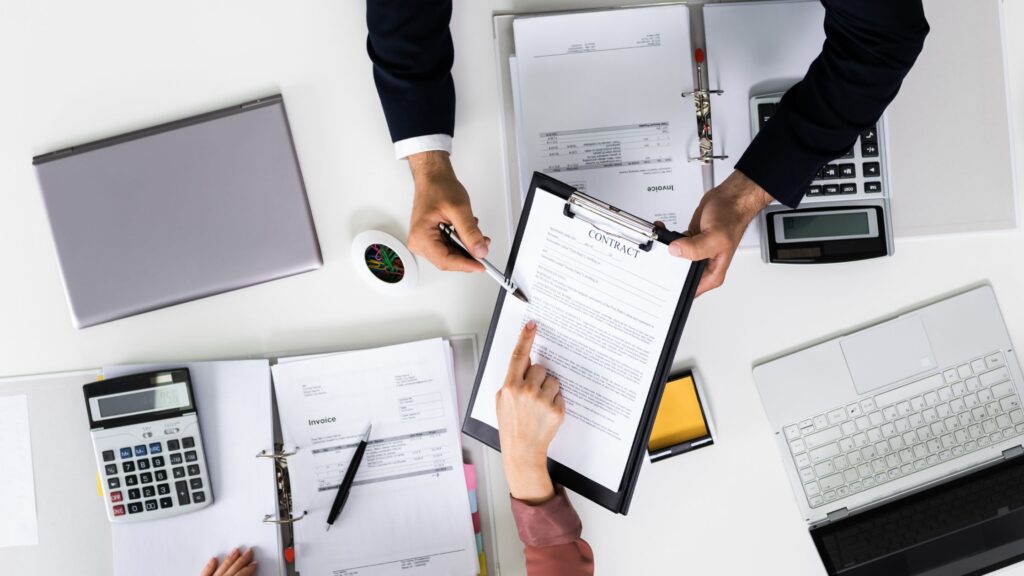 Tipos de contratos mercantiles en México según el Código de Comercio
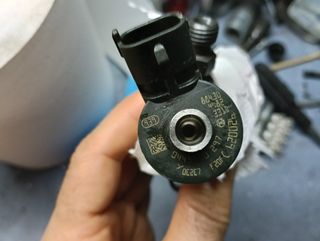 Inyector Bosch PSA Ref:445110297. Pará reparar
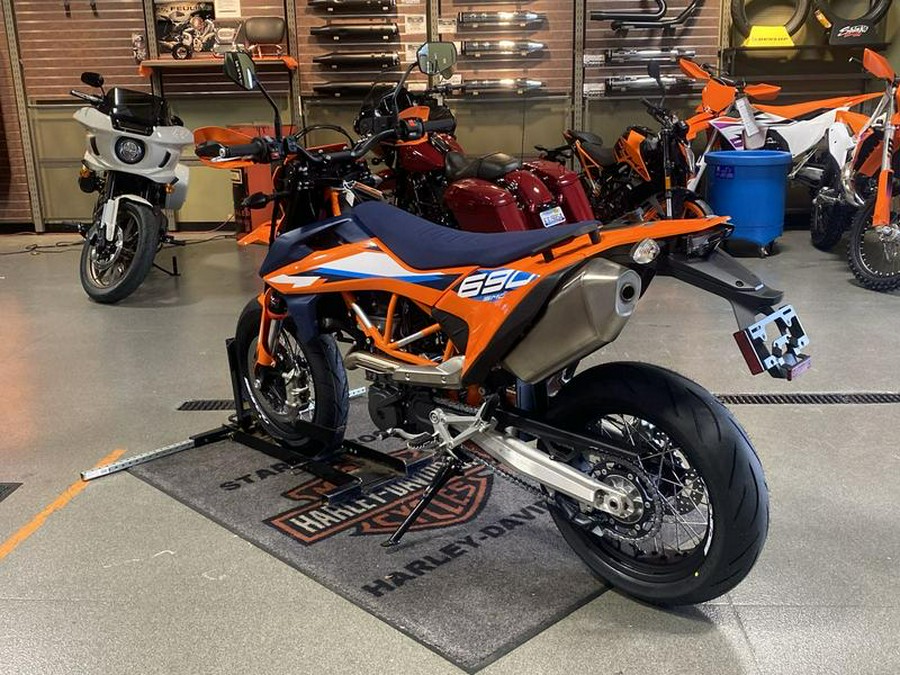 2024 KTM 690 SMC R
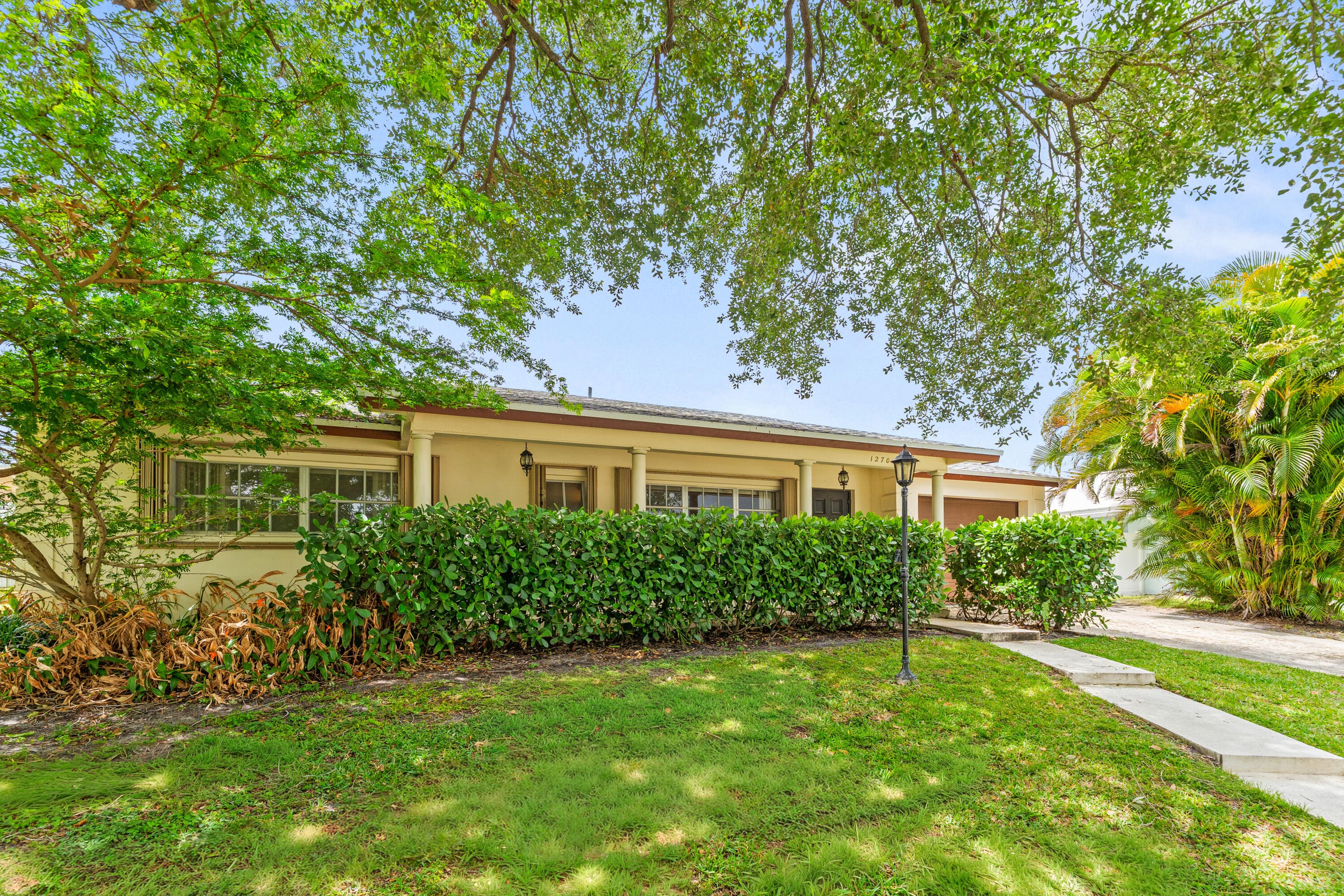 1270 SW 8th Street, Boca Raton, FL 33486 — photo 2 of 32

○ ○ ○ ○ ○

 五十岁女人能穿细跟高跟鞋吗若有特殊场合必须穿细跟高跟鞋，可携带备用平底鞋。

○ ○ ○ ○ ○

From the line with "Inyector Bosch PSA" up to and including the line with "1270 SW 8th" above, retype every line exactly and nothing more; leave out the pictures.

## EXERCISE RESULT:
 Inyector Bosch PSA Ref:445110297. Pará reparar
 2024 KTM 690 SMC R
 1270 SW 8th Street, Boca Raton, FL 33486 — photo 2 of 32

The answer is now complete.